I built this Tableau dashboard in fall of 2017 for VIVA’s Student Workshop Series with my friend Spence Duncan. He and I are fly fishing partners and spend a fair amount of time fishing salmon in the fall. Salmon are anadromous fish, meaning that they are born in freshwater, migrate out to sea to live their adult lives, and then return to freshwater to spawn and die. Fly fishing for salmon is at its best in that narrow window of time in the fall when salmon have returned to freshwater as adults, but have not yet begun spawning. Targeting fish at the beginning of their return is most productive as the fish are healthier and more likely to bite at a fly. Targeting fish late in their lifecycle can put unnecessary pressure on them while they are attempting to spawn, and walking in the river at this time can damage nests and eggs. This window is often only a week long, and because the exact timing of these returns varies depending on the stream, it can be difficult to know where to be and when to be there during the fall season. Knowing where salmon were throughout the season, how long they were in those streams, and how many of them were in each stream would allow us to better direct our fishing efforts. 

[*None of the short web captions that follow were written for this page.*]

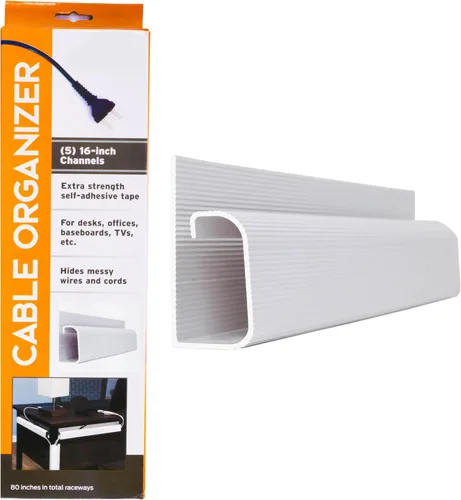 Simple Cord - Paquete de 5 cables de canal J de 16 pulgadas para debajo del escritorio, organizador de cables adhesivo fácil de instalar para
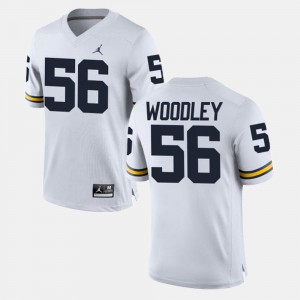Mens Michigan #56 Lamarr Woodley White Alumni Football Game Jersey 190401-569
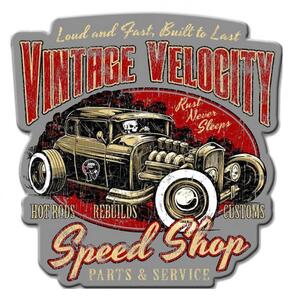 Nástěnná kovová cedule Vintage Velocity – 49x1x50 cm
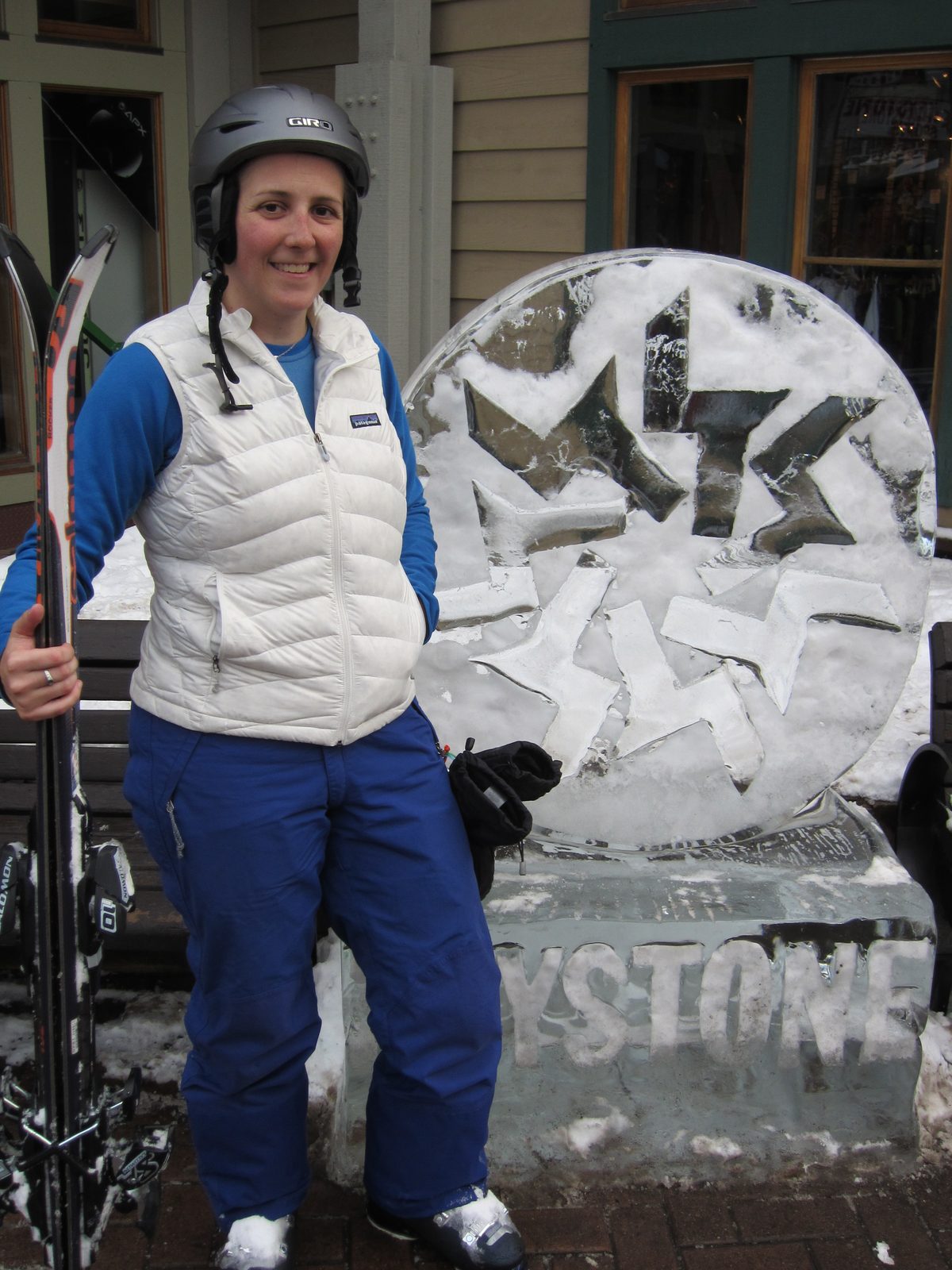 Catherine with the Keystone logo in ice.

The federal Department of Fisheries and Oceans is the government body that conducts research into salmon runs, and so we did a literature survey of their published work to find an appropriate data set. Spence found a paper entitled “Coho (Oncorhynchus kisutch) and Chum (O. keta) Salmon Visual Enumeration Surveys in Twenty-Six Lower Fraser Area Streams 1999-2005”, which documented chum salmon runs in a number of small creeks in the Fraser Valley. We contacted the lead author, and she graciously supplied a set of excel documents that contained the published data.  

Data Management

The data consisted of fish counts during the falls of 1999 to 2005 at 26 creeks throughout the Fraser Valley. Variables were as follows: creek name, latitude, longitude, date, count. A separate excel document had been maintained for each creek. We wrote a python script to consolidate and transform the data into a single tabular csv file, which we then processed using OpenRefine to clean up inconsistencies in creek names and lat/long.

Design

As with all visualization design, we had to lay out what we wanted the visualization to help us accomplish before beginning to design it. Our overarching goal was to create an interface that would allow us to explore the data and pick up trends, patterns and outliers in these salmon runs. More specifically, we wanted to determine the following:

Task 1: Which creeks hold the most fish?

Task 2: How many fish are in each creek at any given time during the fall season?

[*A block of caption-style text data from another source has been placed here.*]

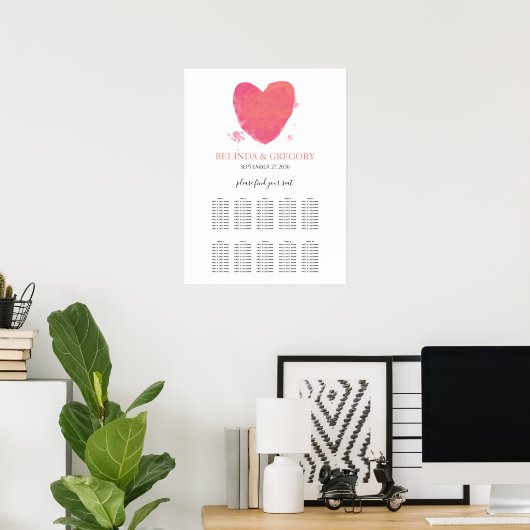 Rustige Waterverf Heart Wedding Seating Chart Poster (Thuiskantoor)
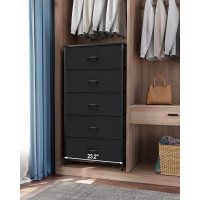 Crestlive Products Vertical Dresser Storage Tower Sturdy Steel Frame Wood Top Easy Pull Fabric Bins Wide Organizer Unit Fo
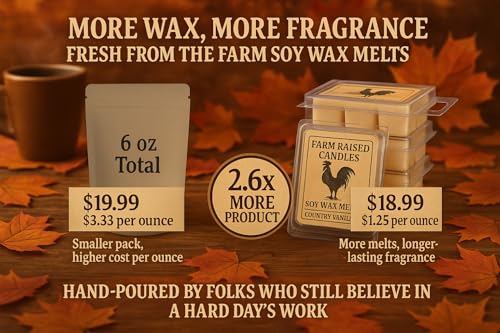 Fall Scented Soy Wax Melts Variety Pack - 30 Cubes, 5 Seasonal Fragrances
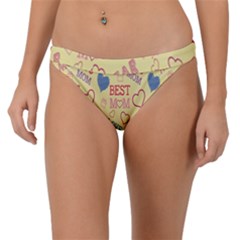 Love Mom Happy Mothers Day I Love Mom Graphic Pattern Band Bikini Bottoms by Vaneshop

Task 3: When do these runs peak (ie at what date do fish counts reach their maximum value for any given creek)? 

Admittedly, these could be accomplished to varying degrees by sorting and filtering a database, but while this would allow you to look up these numbers, it would not enable the sort of exploration of the data that would give you a more complete understanding of how salmon runs vary throughout the Fraser Valley. 

Conclusions

Designing this visualization gave me new insight into the patterns that spawning salmon exhibit in the Fraser Valley. For one, salmon runs in the Fraser valley both begin much earlier and end much later than I expected. Based on personal experience, I thought that chum in-migration mainly occurred during the first and second weeks of October. In fact, chum were present in some systems until late December. Chum survive in freshwater for less than two weeks, and thus these fish would not be mid-October holdovers, but late movers who came into the river system in mid-December at earliest. Generally speaking, salmon runs were more diverse than I expected, in both run timing and total run size. In my uninformed imagination, creeks generally got a couple thousand fish, and these arrived in mid October. Instead, runs varied from fewer than a hundred (ie Chilqua) to over ten thousand (ie Squawkum), and peaked anywhere from October (ie Kanaka) to December (ie Chilqua). Year to year variation was also interesting, in that run size was highly variable, but run timing was relatively consistent. For example, Squawkum consistently saw its highest returns in mid November, but the size of these returns varied from fewer than 4000 fish to nearly 15000.  

Integrating a map view of the data also revealed some patterns in timing and distribution. From casual observation, it appears that spawning tends to peak in the western Fraser Valley earlier than it does in the east.  Furthermore, the highest density of observations comes from the greater Chilliwack area. This could reflect either a) a greater density of salmon bearing streams in the region or b) a bias towards observing and reporting on these systems.